Pensó vagamente y sin desprecio en su hermano, que todavía estaba allá en la ciudad (no iba a irse sino más tarde), moviéndose entre gente tan insustancial como figuras de cera, la sociedad pintada de las mujeres de Alejandría. Si pensaba alguna vez en su amor a Clea, le parecía sólo una moneda brillante, olvidada en el bolsillo de un pordiosero... Así, galopando, a la carrera, en salvaje exultación a lo largo de los malecones y orillas verdes de musgo del estuario, con sus palmeras carcomidas agitadas por el viento, así vivía.

Una vez, la semana anterior, Alí informó de la presencia de hombres desconocidos en la tierra, pero no le concedió al asunto la menor importancia. Con frecuencia, un beduino extraviado cortaba camino a través de las plantaciones, o un extraño cruzaba la propiedad en dirección a la carretera, hacia la ciudad. Más se interesó Nessim cuando le habló por teléfono para decirle que visitaría Karm Abu Girg con Balthazar, quien deseaba investigar los rumores de que se había visto en el lago una nueva especie de pato. (Desde la azotea se podía abarcar todo el estuario con unos prismáticos potentes.)

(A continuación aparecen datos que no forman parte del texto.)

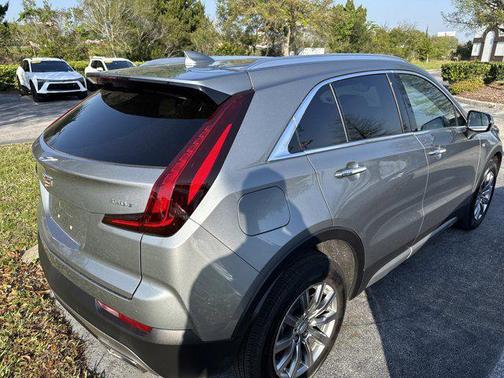 Argent Silver Metallic 2023 Cadillac XT4 Premium Luxury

Esto era justamente lo que hacía ahora, en ese momento. Árbol por árbol, cañaveral por cañaveral, volviendo ojos pacientes y curiosos sobre la tierra, con su antiguo catalejo.Yacía, ella, despoblada, silenciosa y enigmática, a la luz del amanecer. Se proponía pasar todo el día allí, entre las plantaciones, para evitar, si posible fuera, el ver a su hermano. Pero ahora la defección de los sirvientes lo desconcertaba.Y era realmente inexplicable. Habitualmente, al despertar, gritaba llamando con un rugido a Alí, quien le traía un gran recipiente de cobre, de largo cuello lleno de agua tibia, y lo regaba, mientras él, de pie en la bañera victoriana, jadeaba y silbaba. Pero, ¿ahora? El patio silencioso, y el cuarto en que dormía Alí, cerrado. La llave puesta en su lugar, sobre el clavo, fuera. Ni un alma.

Con rápidos pasos trepó a la terraza buscando el catalejo, y después subió la escalera de madera exterior hasta la azotea, y de pie entre las torrecillas de los palomares escrutó los campos Hosnani. Un largo examen paciente no le reveló nada de extraordinario. Gruñó y cerró el catalejo.Tendría que atenderse él solo, hoy. Bajó de su atalaya y, tomando el viejo zurrón de cuero, se dirigió a las cocinas, a llenarlo de comida. Allí encontró café tibio y algunas ollas puestas sobre el carbón, pero ni rastro de los cocineros. Refunfuñando, se sirvió una rebanada de pan, que mordisqueó mientras juntaba algunas cosas para almorzar. Después se le ocurrió una idea.

En el patio, su agudo silbido enojado normalmente habría traído a todos los perros de caza gruñendo y haciendo zalamerías en torno a sus botas, desde cualquier parte en que se hubieran refugiado por el frío; pero hoy el eco vacío de su silbido fue lo único que le devolvió el viento. ¿Tal vez Alí los habría sacado a pasear? No parecía probable.Volvió a silbar, más fuerte, y esperó, con lo pies firmemente separados, en sus gruesas botas, y los brazos en jarras. No hubo respuesta. Dio la vuelta a los establos, y encontró su caballo.Todo estaba perfectamente normal, allí.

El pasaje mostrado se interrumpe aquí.